Boise St. at Hawaii, 6 PM, ESPN. It’s riding on you Boise State. Statue of Liberties, quadrulple laterals, a wide receiver playing deep safety, ten offensive tackles….or you can just play defense. Do what you can to take down the Rainbows.
Saturday
UConn at West Virginia. 9 AM, ESPN. For the Big East BCS bid.
Virginia Tech at Virginia, 9 AM, ESPN2.
Tennessee at Kentucky, 10:30 AM, CBS. Strange how conference tiebreakers work–if Tennessee wins, they win the SEC East; if they lose, it belongs to Georgia.

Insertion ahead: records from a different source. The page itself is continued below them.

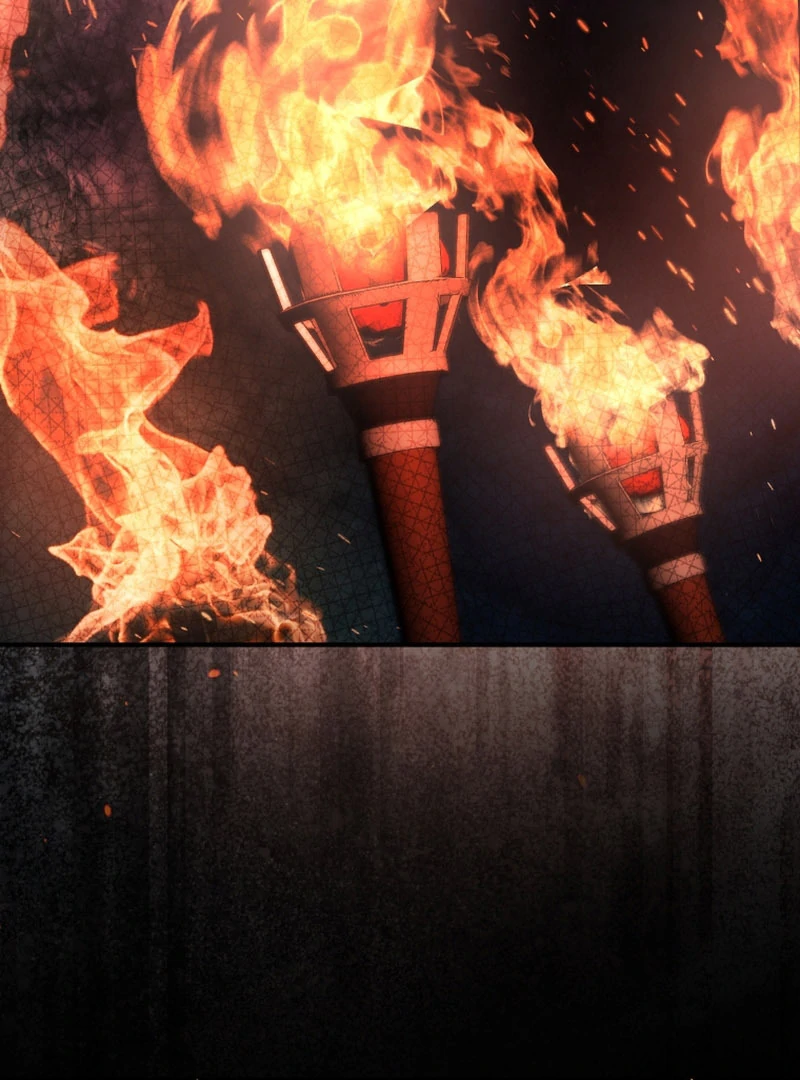 Read The Flower with a Sword Manga Online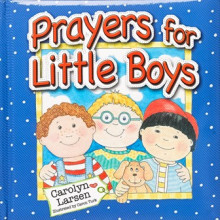 prayers_for_little_boys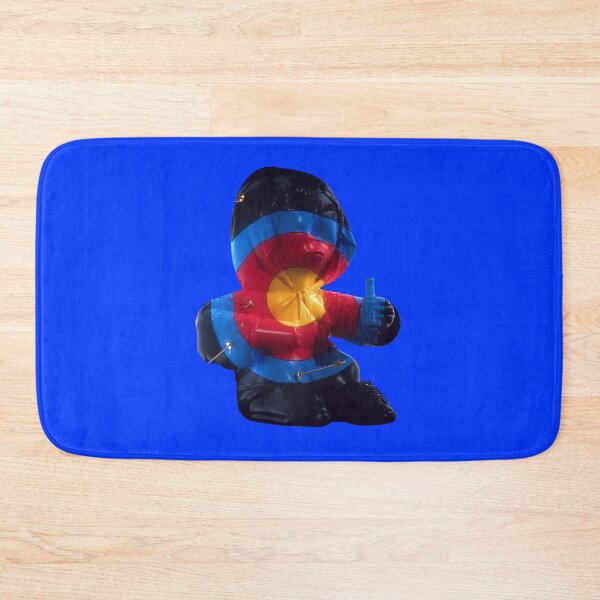 Item preview, Target Partygoer  designed and sold by 2Jstar.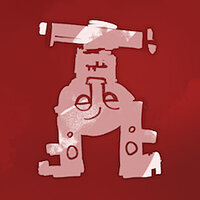Трофей {trophy} в игре Banner Saga 3 для PS4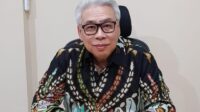 FORMAS Dukung Sikap Tegas Presiden Prabowo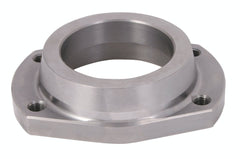 Competition Engineering C9507 Axle Housing Ends, Big Ford Axle Housing Ends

Oregon at UCLA, 12:30 PM, ABC. Oregon 2007=Cal 2006. Devastating loss early, convicing wins in the middle…only to blow it on a road trip down south when baller Dennis Dixon can’t ride out the storm. Just watch USC beat ASU, break Rudy Carpenter’s leg, turning the USC-UCLA game into a battle for the Pac-10 title. What a fucking bizarre season.
Kansas State at Fresno State, 12:30 PM, ESPN. What a bizarre game to put on national TV. Excuse me if I don’t watch a second of it.

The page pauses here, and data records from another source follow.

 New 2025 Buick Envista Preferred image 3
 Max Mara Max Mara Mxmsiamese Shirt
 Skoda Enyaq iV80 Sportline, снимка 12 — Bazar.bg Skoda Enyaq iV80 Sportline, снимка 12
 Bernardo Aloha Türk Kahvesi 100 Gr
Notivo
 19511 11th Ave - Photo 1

Notre Dame at Stanford, 12:30 PM, ESPN2. As far as three weeks ago, I would have considered this an exercise in pigskin sadism. Now I might be actually scouting for Stanford’s strengths and weaknesses. I do not want to lose the Big Game. It’s all we have left to hang onto.
Oklahoma St. at Oklahoma, 12:30 PM, FSN. Remember when this was an actual rivalry that people cared about? Yeah….
FSU at Florida, 2 PM, CBS. One of those rivalries that was a lot more entertaining ten years ago. Now it’s just Gator beatdowns in the Swamp and an occasional Seminole upset in Doak Campbell. Actually, that’s what it was back then too. Gators playing for New Year’s Day; Tim Tebow playing with a force field encased around his body.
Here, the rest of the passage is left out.